(Image-text web data)
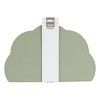 BIBS silikónové prestieranie Boheme (Varianta Blush)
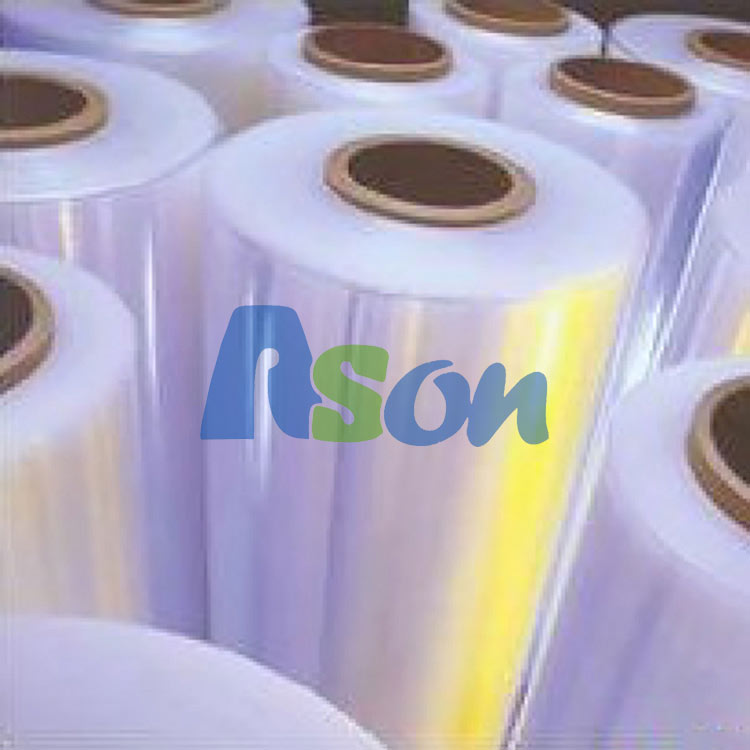 導(dǎo)電泡棉的材質(zhì)、特點(diǎn)及用途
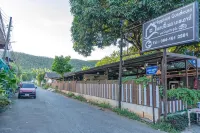 Happiness Guesthouse
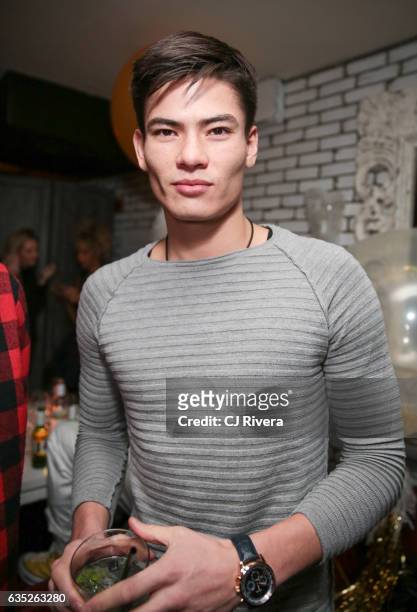 Gettyimages 635263280 612x612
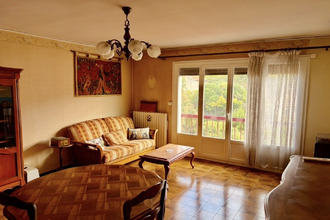  appartement la-seyne-sur-mer 83500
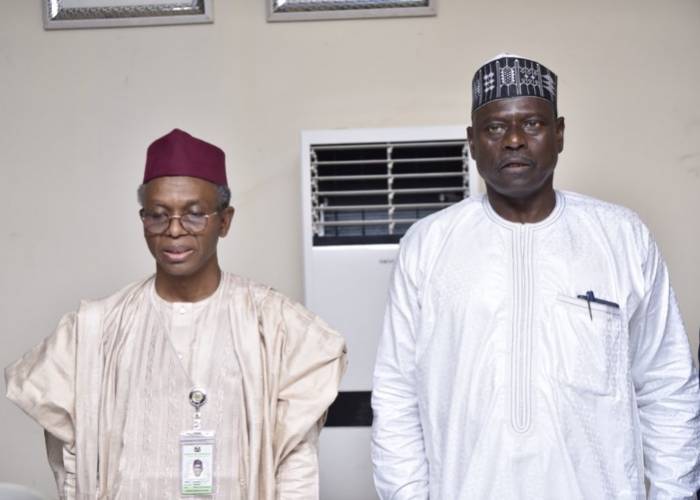 Nasir-El-Rufai-Emmanuel-Jekada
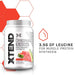 XTEND BCAA | WATERMELON | EXPLOSION | 90 SERVINGS | EXCARTBD.COM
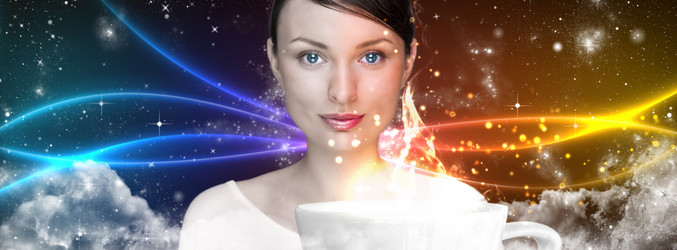 Similar image 923361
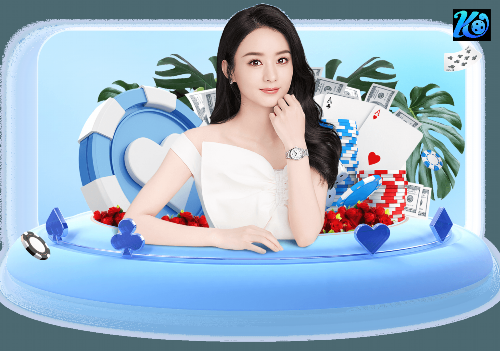 全塑型塑胶跑道怎么样_
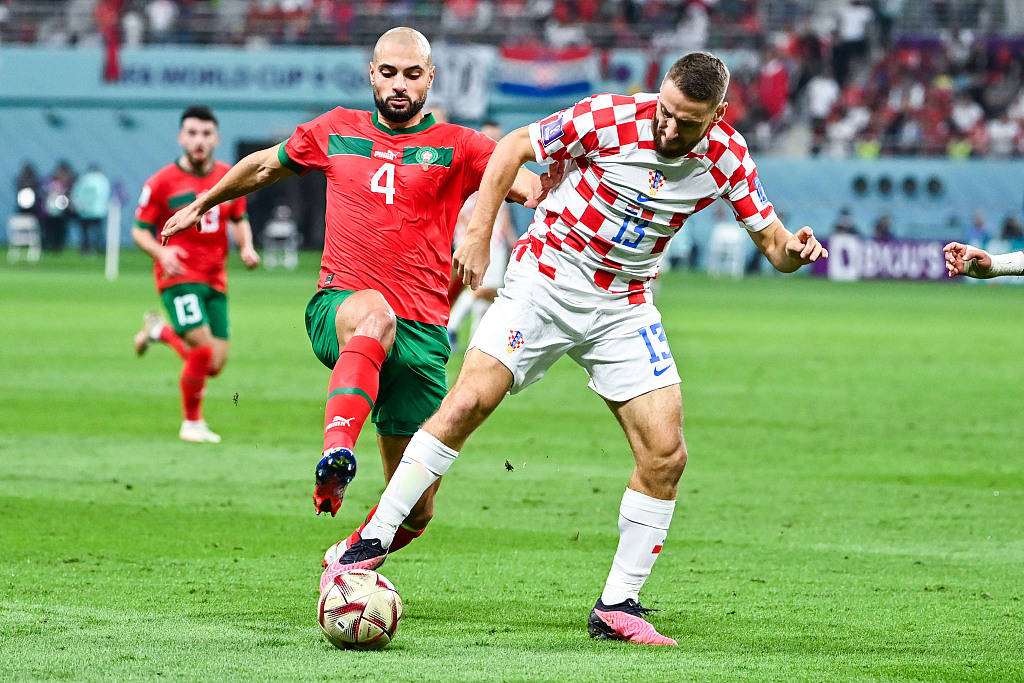 比利时国脚创造历史新赛季展望可期 比利时国脚创造历史新赛季展望可期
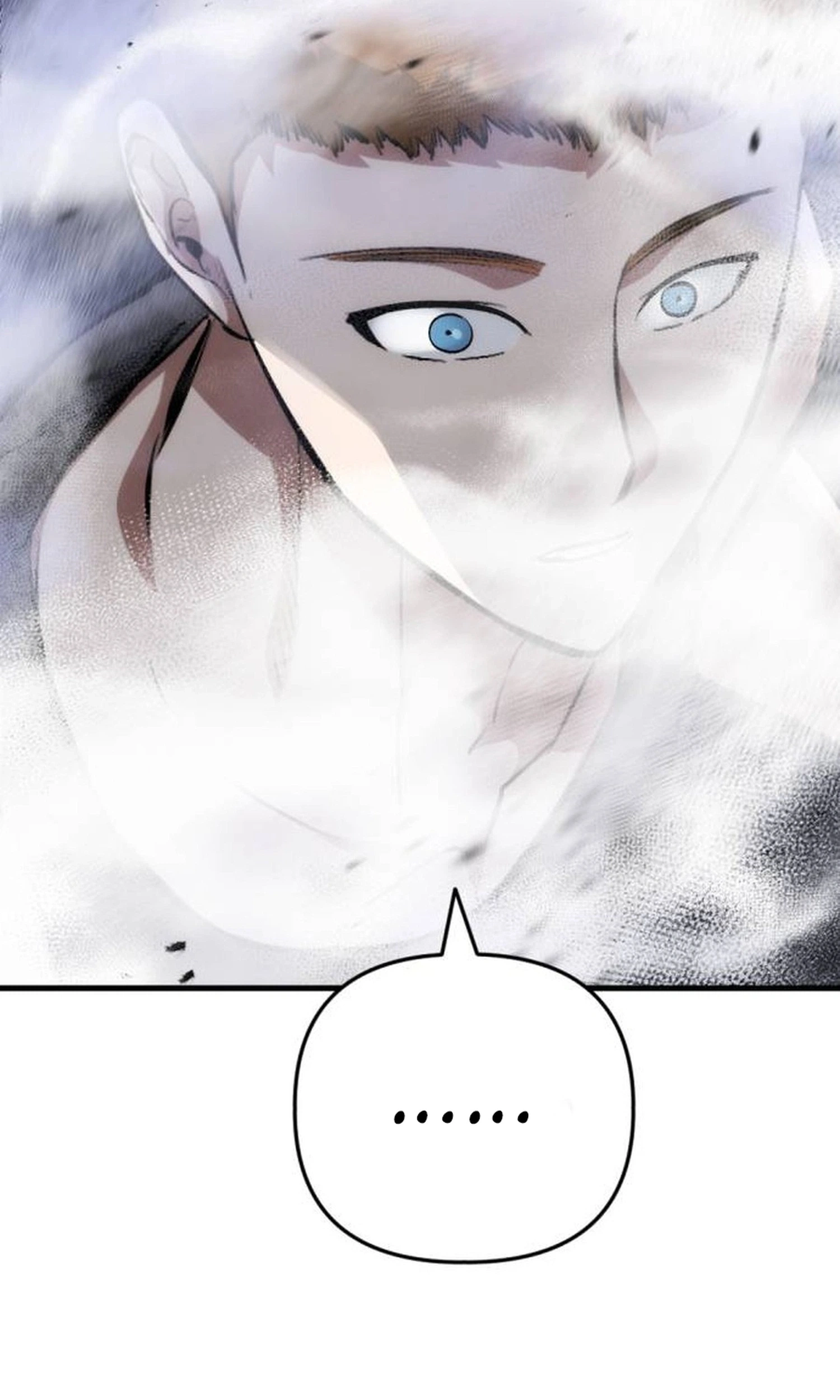 Killing Killer Chapter 155 page 127 - 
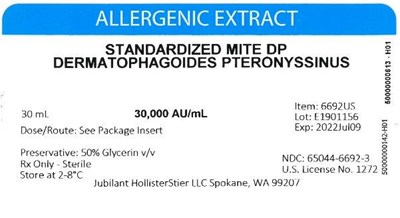 standardized-mites-28.jpg standardized mites 28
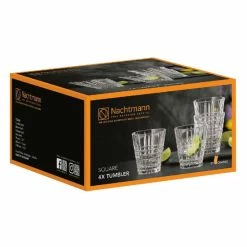 Angebote Nachtmann Store -Angebote Nachtmann Store unnamed file 1037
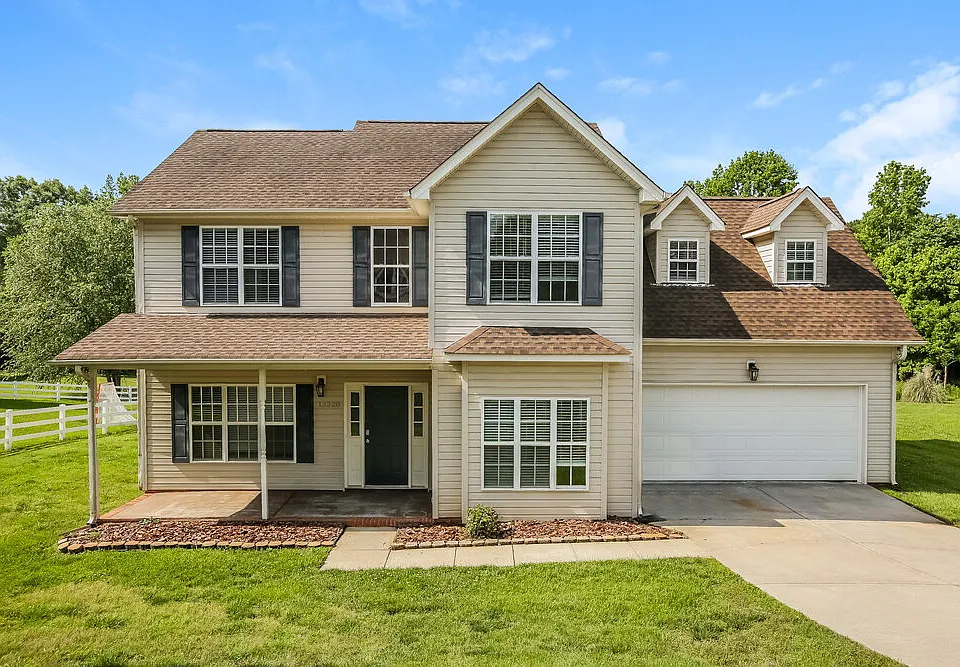 13320 Willow Breeze Ln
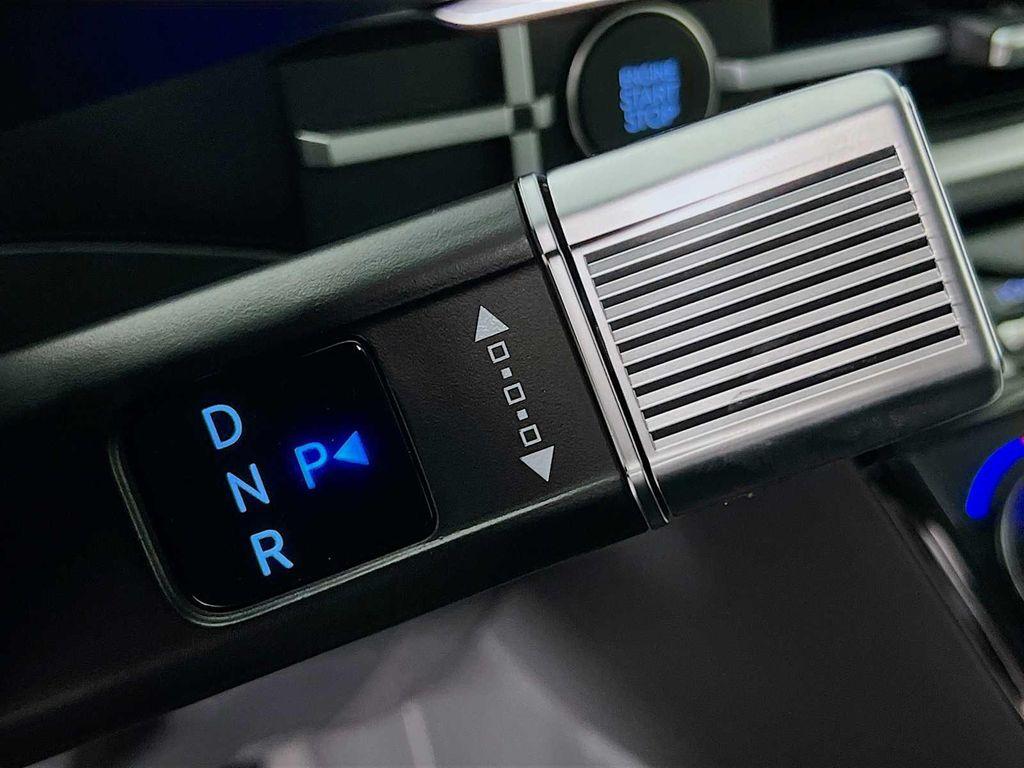 new 2026 Hyundai Santa Fe car, priced at $38,677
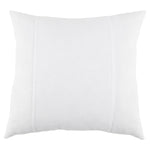 Pom Pom at Home Louwie Pillow Sham - Final Sale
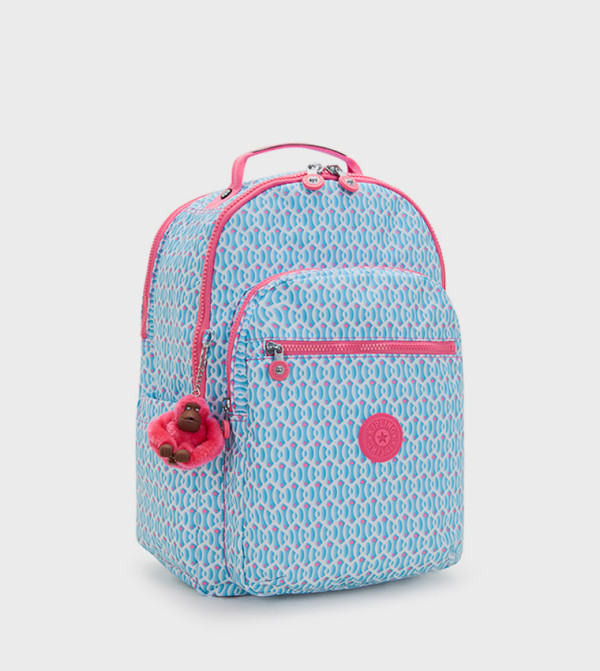 Kipling Kipling - Multi Backpacks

#### Task details:
Repeat the records verbatim, excluding pictures.

#### Exercise answer:
 BIBS silikónové prestieranie Boheme (Varianta Blush)
 導(dǎo)電泡棉的材質(zhì)、特點(diǎn)及用途
 Happiness Guesthouse
 Gettyimages 635263280 612x612
  appartement la-seyne-sur-mer 83500
 Nasir-El-Rufai-Emmanuel-Jekada
 XTEND BCAA | WATERMELON | EXPLOSION | 90 SERVINGS | EXCARTBD.COM
 Similar image 923361
 全塑型塑胶跑道怎么样_
 比利时国脚创造历史新赛季展望可期 比利时国脚创造历史新赛季展望可期
 Killing Killer Chapter 155 page 127 - 
 standardized-mites-28.jpg standardized mites 28
 Angebote Nachtmann Store -Angebote Nachtmann Store unnamed file 1037
 13320 Willow Breeze Ln
 new 2026 Hyundai Santa Fe car, priced at $38,677
 Pom Pom at Home Louwie Pillow Sham - Final Sale
 Kipling Kipling - Multi Backpacks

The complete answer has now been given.